> _Task input_:
--- START ---

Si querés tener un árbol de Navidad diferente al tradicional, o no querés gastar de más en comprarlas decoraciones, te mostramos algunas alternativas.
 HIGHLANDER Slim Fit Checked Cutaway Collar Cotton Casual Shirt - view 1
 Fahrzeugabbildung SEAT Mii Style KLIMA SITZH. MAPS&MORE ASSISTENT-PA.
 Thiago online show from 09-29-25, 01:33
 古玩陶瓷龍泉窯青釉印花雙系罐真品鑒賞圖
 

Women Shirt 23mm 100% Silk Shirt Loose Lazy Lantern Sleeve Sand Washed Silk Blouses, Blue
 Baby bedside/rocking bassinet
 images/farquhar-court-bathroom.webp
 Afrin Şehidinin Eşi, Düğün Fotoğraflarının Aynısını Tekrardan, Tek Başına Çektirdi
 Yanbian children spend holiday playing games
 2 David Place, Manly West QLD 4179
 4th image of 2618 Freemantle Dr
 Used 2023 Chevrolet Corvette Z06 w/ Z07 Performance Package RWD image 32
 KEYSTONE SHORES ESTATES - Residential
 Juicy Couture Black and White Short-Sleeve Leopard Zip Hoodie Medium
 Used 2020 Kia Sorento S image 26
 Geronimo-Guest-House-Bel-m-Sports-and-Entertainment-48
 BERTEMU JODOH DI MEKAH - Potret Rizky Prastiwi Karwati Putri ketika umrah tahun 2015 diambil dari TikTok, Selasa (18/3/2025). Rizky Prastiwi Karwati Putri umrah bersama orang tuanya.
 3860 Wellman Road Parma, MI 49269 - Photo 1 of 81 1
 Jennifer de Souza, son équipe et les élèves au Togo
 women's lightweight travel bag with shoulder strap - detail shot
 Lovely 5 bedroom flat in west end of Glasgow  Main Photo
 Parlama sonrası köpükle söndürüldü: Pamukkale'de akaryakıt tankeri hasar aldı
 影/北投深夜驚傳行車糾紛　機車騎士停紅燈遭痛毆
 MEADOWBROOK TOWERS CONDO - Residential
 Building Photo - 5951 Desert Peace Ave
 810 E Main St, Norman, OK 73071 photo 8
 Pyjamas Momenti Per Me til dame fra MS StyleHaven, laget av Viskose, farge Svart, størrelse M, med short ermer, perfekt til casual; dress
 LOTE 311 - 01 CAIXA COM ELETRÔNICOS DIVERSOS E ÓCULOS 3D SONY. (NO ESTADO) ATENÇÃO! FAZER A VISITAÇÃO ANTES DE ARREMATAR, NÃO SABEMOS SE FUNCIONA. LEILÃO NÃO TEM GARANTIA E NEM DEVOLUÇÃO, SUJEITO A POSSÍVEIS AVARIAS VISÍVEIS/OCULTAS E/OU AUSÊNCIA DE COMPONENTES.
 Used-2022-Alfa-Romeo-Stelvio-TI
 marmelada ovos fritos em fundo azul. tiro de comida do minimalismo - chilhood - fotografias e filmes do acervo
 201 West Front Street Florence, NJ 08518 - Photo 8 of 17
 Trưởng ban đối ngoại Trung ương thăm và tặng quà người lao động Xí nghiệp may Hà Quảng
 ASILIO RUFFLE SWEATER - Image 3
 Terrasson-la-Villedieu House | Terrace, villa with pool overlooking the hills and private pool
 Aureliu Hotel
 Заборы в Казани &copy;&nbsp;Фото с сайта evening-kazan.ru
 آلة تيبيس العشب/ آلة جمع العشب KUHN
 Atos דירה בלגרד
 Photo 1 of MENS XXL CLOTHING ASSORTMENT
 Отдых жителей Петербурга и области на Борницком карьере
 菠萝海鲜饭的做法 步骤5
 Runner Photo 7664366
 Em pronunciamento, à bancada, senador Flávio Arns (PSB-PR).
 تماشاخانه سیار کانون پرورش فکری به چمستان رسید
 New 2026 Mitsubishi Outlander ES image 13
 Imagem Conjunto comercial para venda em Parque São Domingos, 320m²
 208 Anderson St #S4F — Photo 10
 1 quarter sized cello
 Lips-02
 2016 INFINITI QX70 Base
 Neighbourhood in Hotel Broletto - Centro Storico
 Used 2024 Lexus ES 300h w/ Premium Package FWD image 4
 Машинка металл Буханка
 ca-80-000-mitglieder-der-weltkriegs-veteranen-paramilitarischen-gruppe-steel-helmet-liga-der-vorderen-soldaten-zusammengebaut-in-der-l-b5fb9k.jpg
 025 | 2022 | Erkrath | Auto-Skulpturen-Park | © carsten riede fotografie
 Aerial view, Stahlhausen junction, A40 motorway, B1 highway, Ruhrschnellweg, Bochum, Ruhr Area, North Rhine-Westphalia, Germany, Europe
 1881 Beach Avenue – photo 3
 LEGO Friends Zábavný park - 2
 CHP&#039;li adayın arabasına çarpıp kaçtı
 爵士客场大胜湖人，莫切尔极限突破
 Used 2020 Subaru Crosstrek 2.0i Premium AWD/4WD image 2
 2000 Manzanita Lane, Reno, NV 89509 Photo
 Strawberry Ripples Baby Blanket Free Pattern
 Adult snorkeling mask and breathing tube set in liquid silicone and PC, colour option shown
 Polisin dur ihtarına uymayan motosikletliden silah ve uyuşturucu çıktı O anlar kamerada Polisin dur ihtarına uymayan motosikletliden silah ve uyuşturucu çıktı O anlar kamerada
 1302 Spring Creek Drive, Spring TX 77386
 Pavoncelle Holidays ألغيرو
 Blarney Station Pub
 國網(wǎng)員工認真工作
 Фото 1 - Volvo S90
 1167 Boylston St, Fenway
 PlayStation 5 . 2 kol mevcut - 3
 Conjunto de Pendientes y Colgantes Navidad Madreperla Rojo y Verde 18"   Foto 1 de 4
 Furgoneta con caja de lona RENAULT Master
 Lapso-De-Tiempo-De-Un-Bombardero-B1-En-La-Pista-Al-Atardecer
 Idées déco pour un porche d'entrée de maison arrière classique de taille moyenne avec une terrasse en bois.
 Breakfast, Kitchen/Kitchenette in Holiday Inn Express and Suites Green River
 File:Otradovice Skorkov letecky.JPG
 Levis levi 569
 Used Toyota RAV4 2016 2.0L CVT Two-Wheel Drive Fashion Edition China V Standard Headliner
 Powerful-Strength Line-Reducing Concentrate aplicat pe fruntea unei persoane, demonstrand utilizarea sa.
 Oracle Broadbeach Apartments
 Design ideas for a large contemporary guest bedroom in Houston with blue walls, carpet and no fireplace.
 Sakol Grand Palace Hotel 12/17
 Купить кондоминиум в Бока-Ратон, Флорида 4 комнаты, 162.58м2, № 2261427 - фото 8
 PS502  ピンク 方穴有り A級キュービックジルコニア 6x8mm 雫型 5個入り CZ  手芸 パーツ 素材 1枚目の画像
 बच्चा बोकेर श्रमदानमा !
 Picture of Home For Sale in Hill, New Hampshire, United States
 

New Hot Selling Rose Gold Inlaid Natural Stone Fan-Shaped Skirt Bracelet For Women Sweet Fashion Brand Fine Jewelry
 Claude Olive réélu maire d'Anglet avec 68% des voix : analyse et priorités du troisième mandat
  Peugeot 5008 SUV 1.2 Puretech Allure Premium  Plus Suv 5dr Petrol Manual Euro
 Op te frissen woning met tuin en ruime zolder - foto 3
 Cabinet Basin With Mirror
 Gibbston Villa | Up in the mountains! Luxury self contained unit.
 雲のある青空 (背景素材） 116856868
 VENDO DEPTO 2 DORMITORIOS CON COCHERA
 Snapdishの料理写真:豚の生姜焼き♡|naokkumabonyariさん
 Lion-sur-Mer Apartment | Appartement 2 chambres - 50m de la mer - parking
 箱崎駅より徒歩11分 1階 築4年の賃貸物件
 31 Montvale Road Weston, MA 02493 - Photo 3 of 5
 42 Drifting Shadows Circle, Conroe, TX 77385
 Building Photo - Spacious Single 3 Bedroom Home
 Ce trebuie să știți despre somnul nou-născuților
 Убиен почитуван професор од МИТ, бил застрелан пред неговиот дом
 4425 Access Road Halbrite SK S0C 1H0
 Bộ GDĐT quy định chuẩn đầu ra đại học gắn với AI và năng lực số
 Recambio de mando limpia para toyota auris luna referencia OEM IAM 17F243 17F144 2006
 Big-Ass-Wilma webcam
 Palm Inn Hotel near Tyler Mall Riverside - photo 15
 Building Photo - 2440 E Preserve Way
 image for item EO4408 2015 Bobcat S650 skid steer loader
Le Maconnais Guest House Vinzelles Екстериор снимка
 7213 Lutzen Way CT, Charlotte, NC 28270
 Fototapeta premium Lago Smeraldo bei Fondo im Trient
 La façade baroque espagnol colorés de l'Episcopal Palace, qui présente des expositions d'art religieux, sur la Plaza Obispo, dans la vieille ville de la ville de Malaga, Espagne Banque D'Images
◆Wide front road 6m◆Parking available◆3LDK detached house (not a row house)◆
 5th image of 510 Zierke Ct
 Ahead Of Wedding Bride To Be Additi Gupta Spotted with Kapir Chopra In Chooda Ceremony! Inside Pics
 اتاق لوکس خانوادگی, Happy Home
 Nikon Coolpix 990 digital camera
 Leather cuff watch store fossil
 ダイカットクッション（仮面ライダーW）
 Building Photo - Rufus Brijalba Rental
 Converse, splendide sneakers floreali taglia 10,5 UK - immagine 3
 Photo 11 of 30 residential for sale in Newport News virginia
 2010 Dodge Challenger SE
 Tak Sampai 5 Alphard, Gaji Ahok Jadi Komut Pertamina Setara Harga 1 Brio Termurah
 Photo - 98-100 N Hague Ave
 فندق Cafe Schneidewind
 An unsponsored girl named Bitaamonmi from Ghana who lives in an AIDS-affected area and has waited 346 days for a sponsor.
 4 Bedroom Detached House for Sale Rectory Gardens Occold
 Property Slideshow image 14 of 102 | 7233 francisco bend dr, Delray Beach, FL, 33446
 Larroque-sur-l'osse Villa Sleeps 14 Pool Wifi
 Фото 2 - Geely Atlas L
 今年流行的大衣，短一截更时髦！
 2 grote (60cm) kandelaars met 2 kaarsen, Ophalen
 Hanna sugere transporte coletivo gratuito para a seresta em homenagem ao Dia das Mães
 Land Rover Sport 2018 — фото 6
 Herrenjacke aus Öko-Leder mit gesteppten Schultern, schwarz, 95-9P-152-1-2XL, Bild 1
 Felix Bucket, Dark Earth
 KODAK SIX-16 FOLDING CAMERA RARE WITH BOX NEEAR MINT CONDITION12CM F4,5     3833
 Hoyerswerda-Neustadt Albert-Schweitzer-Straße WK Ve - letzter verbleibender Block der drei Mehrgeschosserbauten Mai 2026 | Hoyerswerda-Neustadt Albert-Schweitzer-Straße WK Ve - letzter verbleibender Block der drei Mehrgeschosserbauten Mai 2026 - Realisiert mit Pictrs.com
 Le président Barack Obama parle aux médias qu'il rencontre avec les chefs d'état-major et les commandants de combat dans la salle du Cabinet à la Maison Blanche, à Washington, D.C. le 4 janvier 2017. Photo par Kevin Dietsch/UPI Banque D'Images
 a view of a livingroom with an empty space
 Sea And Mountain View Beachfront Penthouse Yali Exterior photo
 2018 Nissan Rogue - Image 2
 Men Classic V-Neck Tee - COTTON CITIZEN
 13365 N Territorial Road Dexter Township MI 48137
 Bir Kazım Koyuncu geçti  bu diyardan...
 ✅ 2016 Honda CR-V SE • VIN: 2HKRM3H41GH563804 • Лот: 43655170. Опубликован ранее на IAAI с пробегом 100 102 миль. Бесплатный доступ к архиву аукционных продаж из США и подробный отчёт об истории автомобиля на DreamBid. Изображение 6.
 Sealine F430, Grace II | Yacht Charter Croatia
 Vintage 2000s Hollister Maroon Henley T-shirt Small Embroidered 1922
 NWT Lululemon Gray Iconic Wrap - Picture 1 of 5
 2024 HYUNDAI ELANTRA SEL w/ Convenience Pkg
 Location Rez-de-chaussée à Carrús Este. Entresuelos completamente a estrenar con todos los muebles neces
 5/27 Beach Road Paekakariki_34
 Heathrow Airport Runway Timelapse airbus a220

--- END ---

> _Activity_:
If a line of the records includes the string "from", copy it out.

> _Task solution_:
 Thiago online show from 09-29-25, 01:33
 An unsponsored girl named Bitaamonmi from Ghana who lives in an AIDS-affected area and has waited 346 days for a sponsor.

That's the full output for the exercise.